Entah karena apa gadis itu bisa berubah pikiran.
"BANGGG! ADEK BERANGKAT DULU!" Suara penuh semangat itu menggelegar di penjuru rumah layaknya sebuah terompet yang di tiup kencang. Membuat sang sulung dan tengah menutup telinganya.
"IYA-IYAAA! HATI-HATI DI JALAN!" jawab Sae sembari mengoleskan selai strawberry pada roti tawar miliknya.
"(Name) kenapa bang? Tumben bahagia," tanya Rin. Sang kakak mengangkat kedua bahunya, menandakan jika ia tak tahu apa-apa.
"Mana Abang tahu. Kemarin malem aja, dia balik-balik basah kuyup sambil senyum-senyum sendiri," jawab Sae sebelum memasukkan rotinya dalam sekali suap.
Sang anak tengah Itoshi itu meneguk habis susu di gelasnya. Terlihat kesusahan karena ia menelannya bersama roti yang baru saja ia telan tadi.
"Baikan sama tu Jamet Jerman?"
Sae yang saat itu tengah meneguk susu di gelasnya langsung tersedak mendengar kata 'baikan' terucap di dalam kalimat yang diucapkan sang adik.
"Hah? Matahari terbit dari mana itu dua anak baikan?"
"Terbit dari selatan bang."
Kita beralih pada sosok (Name) yang kini berjalan melewati tiap lorong untuk menemui sang pelatih. Dengan perasaan penuh semangat dan bahagia, kakinya nampak sedikit melompat-lompat.

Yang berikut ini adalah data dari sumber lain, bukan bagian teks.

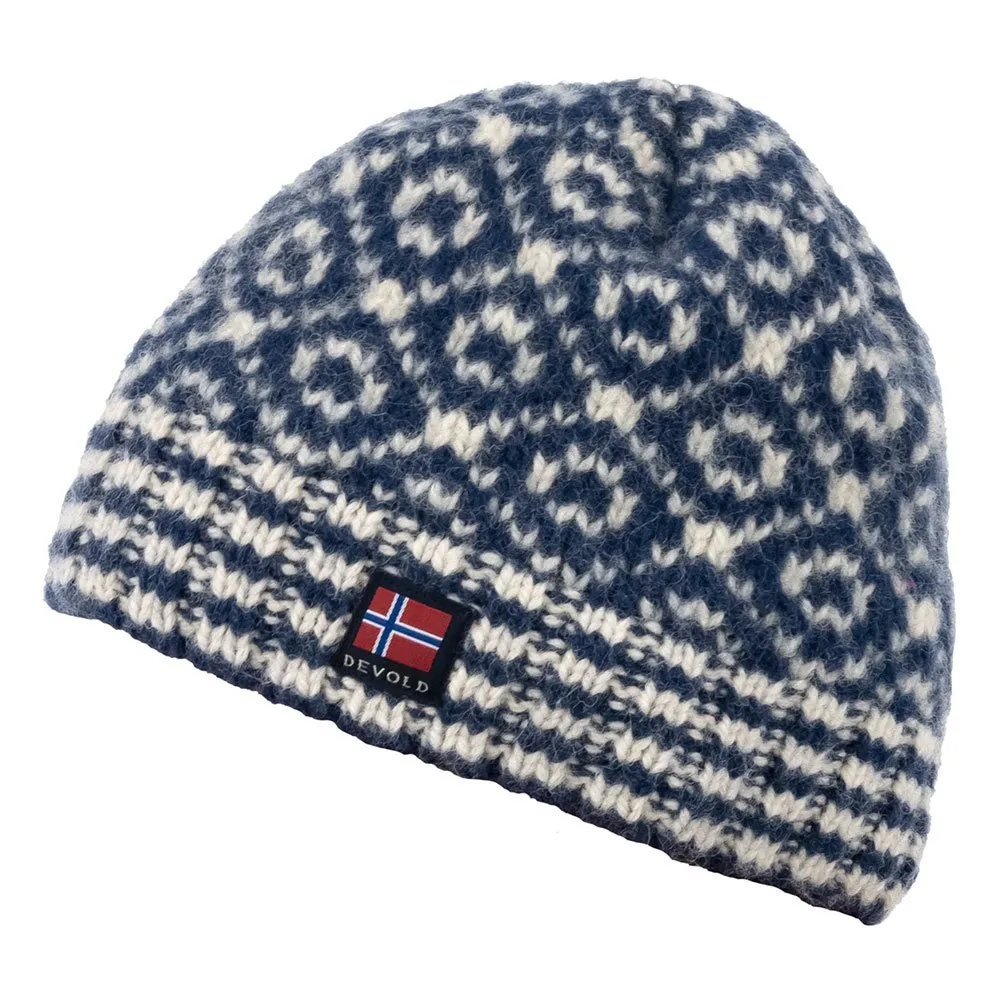 

Шапка DEVOLD OF NORWAY Svalbard Wool, синий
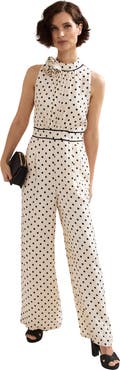Phase Eight Marilee High-Neck Pleated Front Jumpsuit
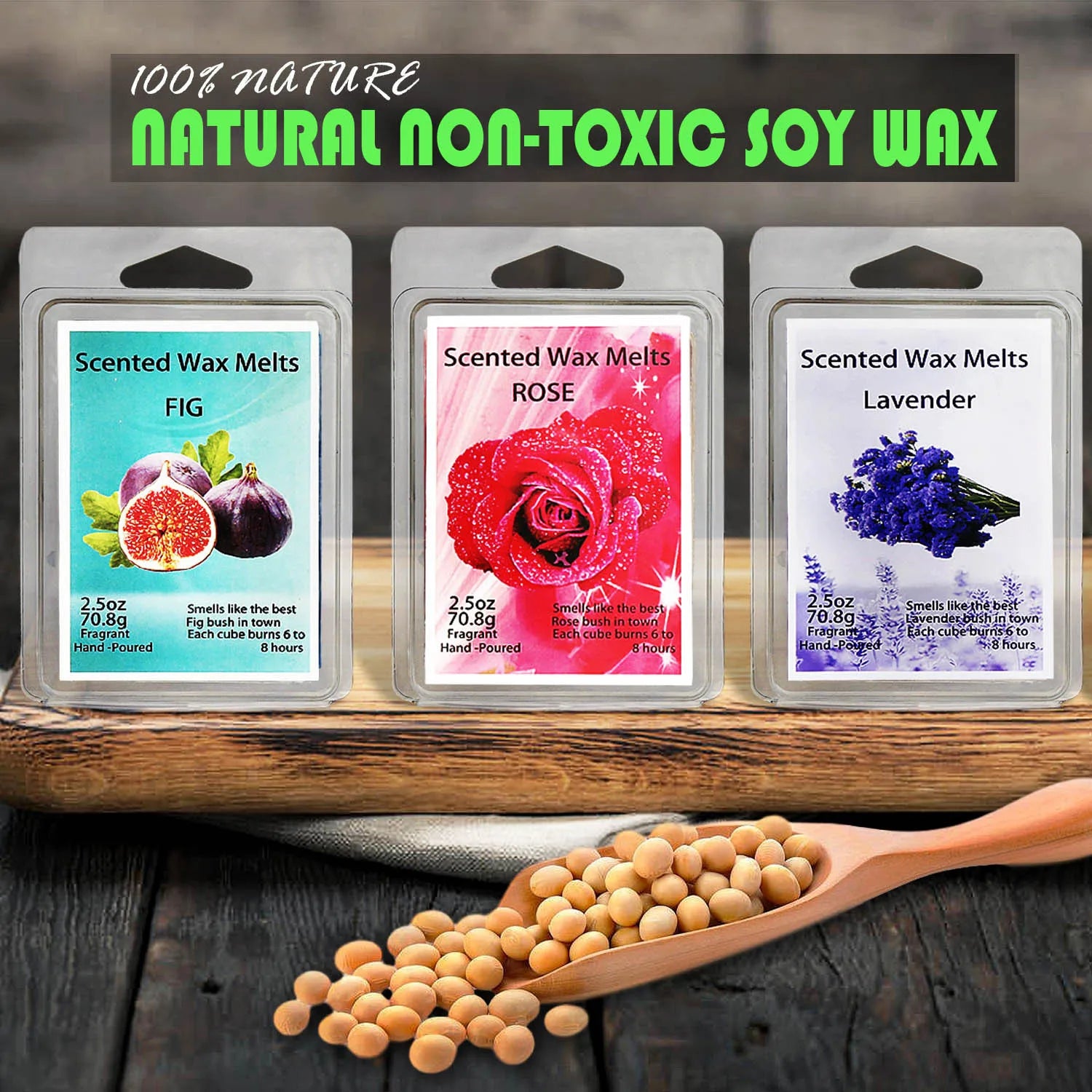 8-box set of scented wax blocks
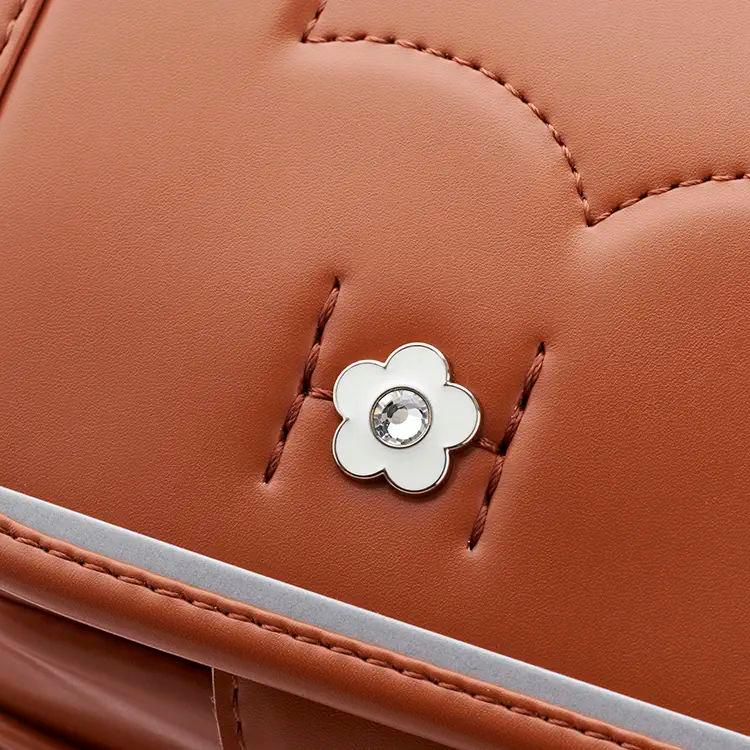 マリークワント MARY QUANT デコレーションミニフラワー ランドセル キャメル　小田急のランドセル 2027 百貨店 送料無料 ６年保証 ラ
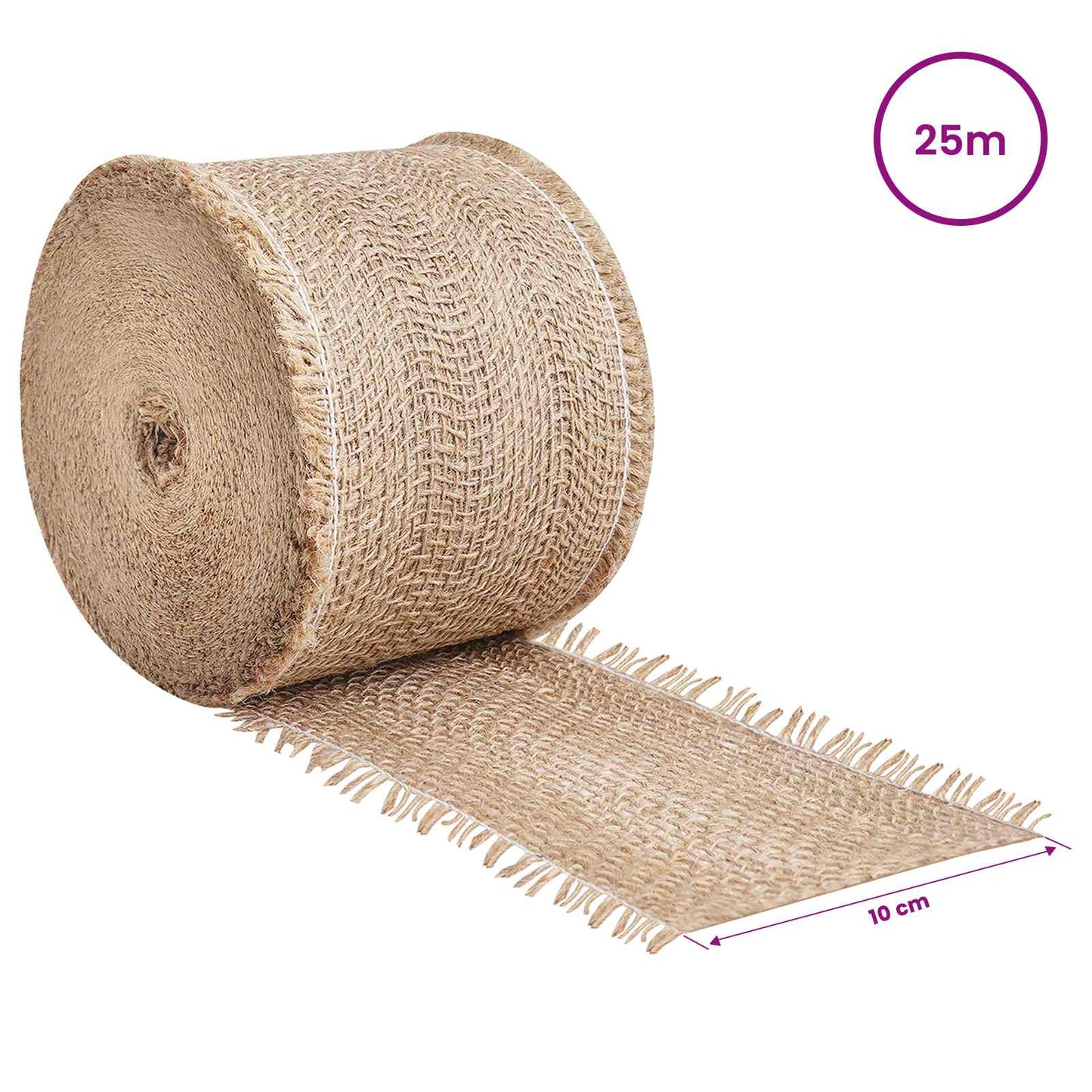 Jute Roll Natural 10 x 2500 cm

Tatapan orang-orang yang datang pagi hari itu menatapnya dengan tatapan aneh, ada pula yang terlihat senang melihat wajahnya yang berseri itu. Terutama kaum adam.
Bahkan saat itu kakinya tersandung karena kaki seorang Kaiser yang terulur ketika dirinya lewat di depannya. Biasanya ia akan mengamuk dan membalasnya dengan pukulan. Tapi kali ini ia balas dengan senyuman manisnya pagi ini.
Hal ini membuat laki-laki dengan tato mawar biru itu tertawa pelan dan memiliki anggapan jika gadis itu gila.
"Dasar aneh," ucap Kaiser yang tak di dengar oleh gadis itu.
Namun saat itu (Name) sekilas menoleh ke belakang. Sembari mengacungkan jari tengahnya pada laki-laki bertato mawar biru itu.
Kaki jenjang miliknya kemudian berlari menuju taman belakang sekolah. Menyusuri tiap lorong-lorong ruangan hingga sebuah cahaya lurus terlihat. Menandakan jika sebentar lagi ia tiba.
Saat itu juga ia lihat siluet seorang wanita tinggi dengan rambut yang agak bergelombang tengah duduk di sebuah kursi bersama dengan sebatang rokok menemani paginya.
"Kak Aika!" Gadis bungsu Itoshi itu memanggil nama wanita itu.
Wanita dengan rambut pirang dan agak bergelombang itu menoleh ke arah sumber suara. Iris cokelat muda wanita itu menatap visual anak didiknya yang tengah berlari dengan secarik kertas di tangannya yang ia bawa.
Hal itu membuat wanita itu berdiri dari duduknya dan melempar asal batang rokok yang sebelumnya ia hisap sebagai obat stress di pikirannya.
"(Name)!"
Gadis itu melompat ke hadapan Aika dengan secarik kertas ia tunjukkan padanya. Kedua bibir dua insan bergender sejenis itu tertahan, menahan teriakan mereka.
Dua tangan mereka mengepal erat, kemudian mengangkat ke atas memukul udara.
"YOSHA!!"
Aika kini beralih merangkul leher anak didiknya itu. Mengacak-ngacak surai hitamnya karena rasa senang yang sangat ia tunggu dari jauh hari.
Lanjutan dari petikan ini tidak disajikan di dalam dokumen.